Why it matters: staff and several commissioners said the omnibus is not intended to reset city policy but to fix technical issues and implement state requirements that, in some cases, carry July compliance deadlines. The commission’s direction will determine whether narrow policy items raised in public comment are folded into the hearing draft.

Public commenters asked the commission to consider specific changes. Ali Furtado, a Tesla project design manager, supported a proposed amendment that would remove “parking and circulation changes” from the development-activity definition so small EV charger installations would not trigger full tree-density requirements. Furtado said Tesla’s proposed eight-stall supercharger at Eastgate Plaza would otherwise trigger a planting requirement of “over 30 trees” or a fee-in-lieu “over $40,000,” which he said represented roughly 26% of that project’s construction budget, and urged the commission to recommend the amendment.

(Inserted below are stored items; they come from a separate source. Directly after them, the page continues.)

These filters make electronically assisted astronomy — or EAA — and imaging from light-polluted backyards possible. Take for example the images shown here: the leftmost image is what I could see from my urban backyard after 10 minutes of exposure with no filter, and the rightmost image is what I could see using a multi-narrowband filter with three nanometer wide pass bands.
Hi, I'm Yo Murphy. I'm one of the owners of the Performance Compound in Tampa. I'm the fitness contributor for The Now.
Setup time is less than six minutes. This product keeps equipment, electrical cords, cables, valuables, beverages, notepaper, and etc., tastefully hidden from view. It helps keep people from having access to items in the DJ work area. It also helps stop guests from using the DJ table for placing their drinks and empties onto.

Jesse Clausen, speaking for the Bellevue Club, asked the commission to add a residential fee-in-lieu option in the East Main subarea so the area aligns with other subareas that already allow both residential and nonresidential fee-in-lieu options. Clausen said East Main’s current nonresidential fee is $30 per square foot and proposed applying that rate to residential bonus-area fees rather than changing the fee amount; staff said the proposal was not part of the initial LUCA scope but could be included if the commission so directed.

Rupa Sadakopan of Indian American Community Services described the nonprofit’s youth mental-health program, saying it delivers culturally responsive services to roughly 225 Bellevue-based youth and 450 additional Eastside youth annually and requested city support to enhance the program’s capacity.

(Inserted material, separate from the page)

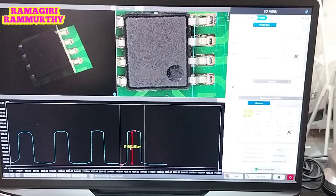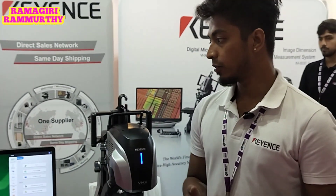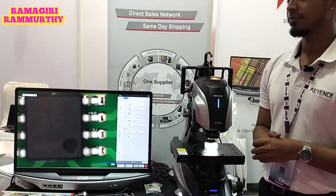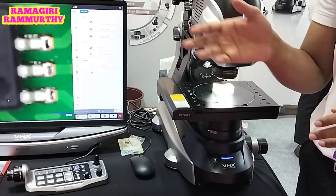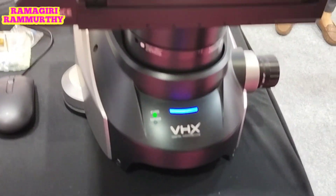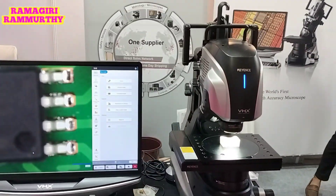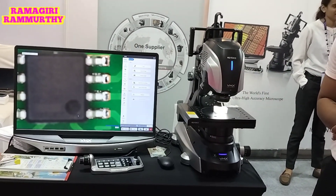So these are a few of the functionalities of the VHX. Which kinds of industries use this? Automotive industries, electrical industries, and pharma industries. Keyence has a very large global presence and you can find us across major OEMs. Regarding the price, it will vary depending on the configuration — our price range is very vast, so we cannot share an approximate figure.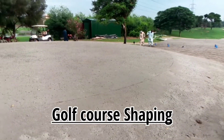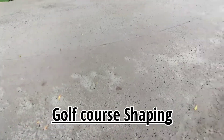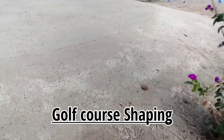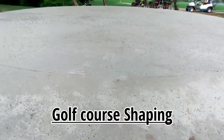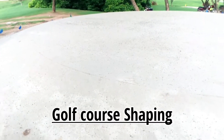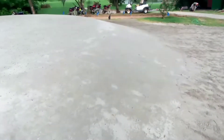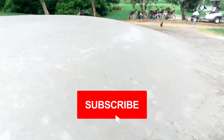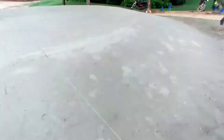Hello everyone. Today we are going to grass the new sand-based tees. Here you can see that we have completed the shaping — you can see the proper round circle with the slopes properly sloped down. These are gentle slopes so that we can cut them with our machinery easily.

Commissioner direction and vote: Commissioner Farris moved that the commission recommend staff schedule a public hearing on the omnibus LUCA; the motion was seconded and, after a commission member moved to amend the motion to include the East Main fee-in-lieu change discussed at the meeting, the amendment was seconded. Chair Han Lu called the voice vote in favor and asked staff to tentatively schedule the public hearing for May 13.

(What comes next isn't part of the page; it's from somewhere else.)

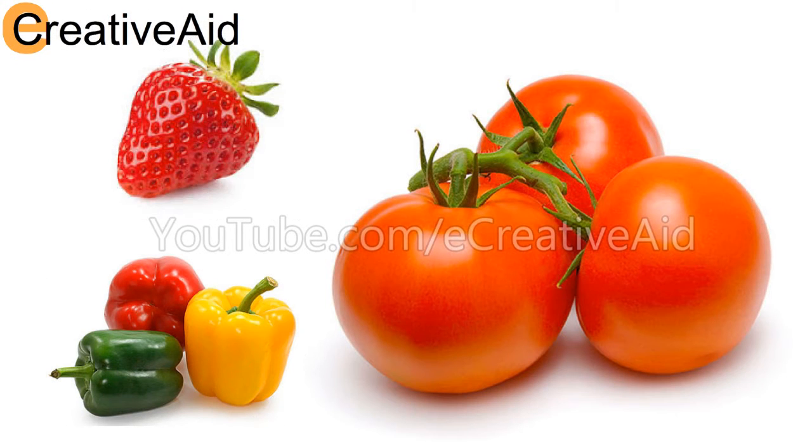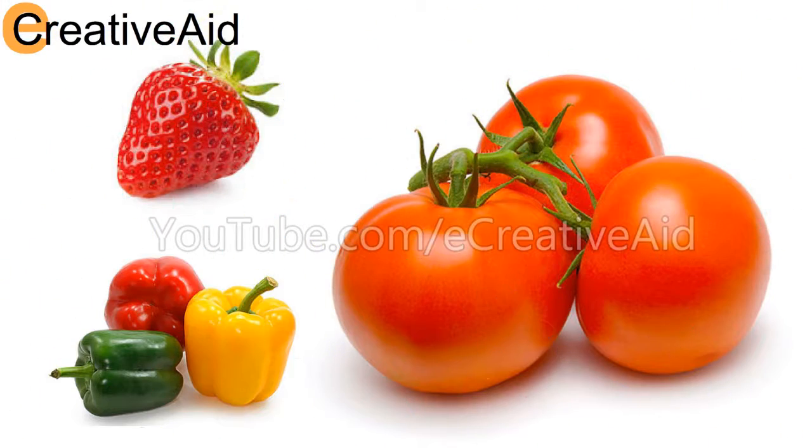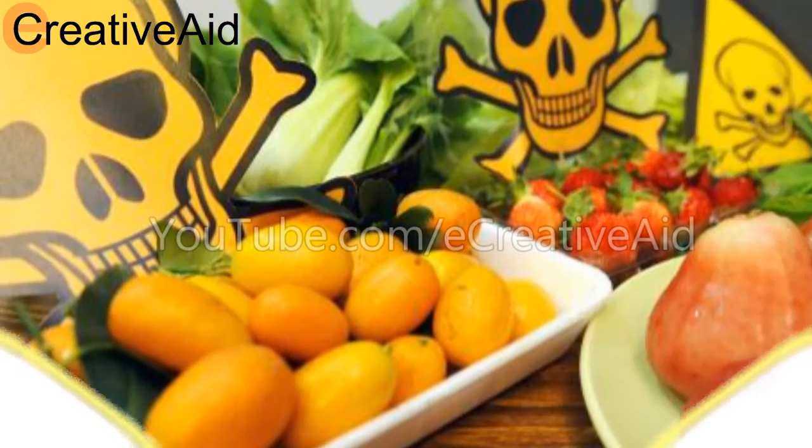Welcome back to your creative aid! Even if your produce looks fresh, clean, and healthy, it can still have most of the toxic pesticides used to protect crop growth.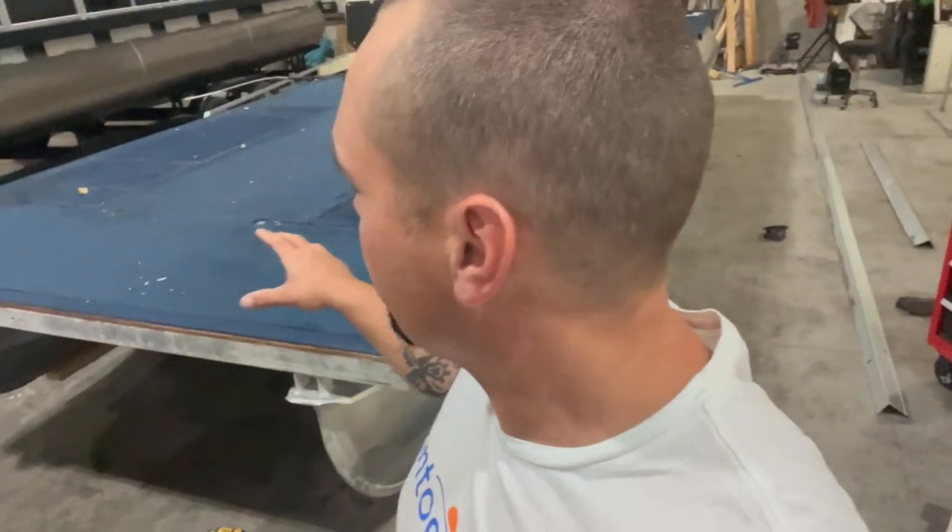Hey, it's Tom from Tom's Tunes. I'm going to take you through some of the finer points of tearing off the carpet and deck when you're redecking and adding vinyl.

On tree-code specifics, staff proposed counting property-line trees as a half credit toward retained-tree requirements to provide an incentive to preserve adjacent trees while reducing the risk of double-counting and reliance on trees controlled by neighbors. Commissioners raised concerns about enforcing credits for trees that sit on other properties and asked staff to provide implementation detail; staff noted that critical-area and buffer standards remain governed by a higher set of rules and would not be changed by the citywide tree-code edits in the LUCA.

Next steps: staff will prepare the LUCA materials, incorporate the commission’s direction to include the East Main fee-in-lieu option for public hearing materials, and return for a public hearing (tentatively May 13) before forwarding to council. Staff said council action is anticipated in July to align with state compliance dates.

The meeting also included public-comment disruptions: a public speaker delivered a prolonged, hostile monologue that the chair cut off at the end of the allotted time; commissioners asked staff to review a hand-delivered document for potential harassment. The commission adjourned after confirming follow-up procedures for the deferred affordable-housing presentation and other questions.